How does DNA work? Trying to understand parts of the process one by one, scientists today routinely perform heredity-changing experiments like the original one in 1944. At the New England Institute, for instance, Dr. Heller is studying the action of nucleic acids in a certain type of fungus. The fungus normally grows white, but one mutant strain is pink. He and his colleagues carefully extract and purify nucleic acids from the cells of the pink strain. These nucleic acids contain faulty genetic instructions—in effect, a misprinted word or words somewhere in the code—that make the mutant strain's cells handle certain chemical processes in an erroneous way and so produce an abnormal color. With a miniature needle, under a microscope, the scientists inject a strong dose of this genetic material into the nucleus of a normal fungus cell. Then they put the cell in a bath of nutrients and let it go on with its business of living. It absorbs nutrients and processes them as its genetic instructions dictate. It turns pink. The faulty instructions have superseded the cell's original ones.

When the cell divides, the faulty instructions are passed on to its daughter cells. They, too, are pink. So are all their progeny after them. Eventually, a mature fungus plant is formed—a mutant, all of its cells are pink. When it reproduces by means of spores, the spores carry the faulty instructions with them. All the new young fungi are also pink. Thus, a full-scale permanent mutation has been caused artificially.
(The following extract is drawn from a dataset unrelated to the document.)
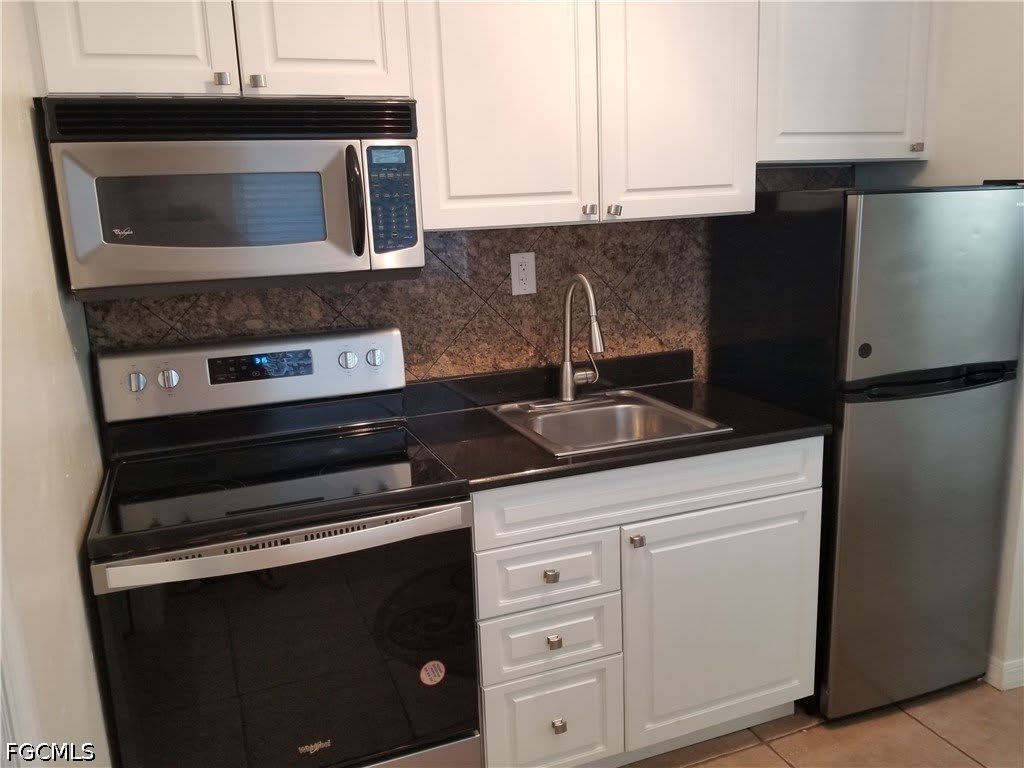 8162 Country Road – photo 4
"But not wholly artificially," Dr. Heller points out. "We use DNA that was made by nature, not by us. The dream is to take DNA and doctor it deliberately so as to cause some specific, desired change in the genetic instructions. The ultimate dream is to do this with human DNA and change Homo sapiens into Homo superior. So far, we've taken only the first few steps on that long, long road."

Before genetic instructions can be changed deliberately and specifically, it will be necessary to know precisely what the DNA code says and how it is translated into living flesh. This is a complicated task. The basic building materials of all living things are proteins, and all proteins are made from combinations of 20 amino acids. There are literally hundreds of thousands of possible ways in which these amino-acid molecules can be arranged in space and hooked together so as to form a protein molecule. "The problem is twofold," says Roy Avery, of the American Chemical Society. "Number one: Find out how all the relevant proteins are built. Number two: Find out what words in the DNA code specify each protein and how the specifications are carried out."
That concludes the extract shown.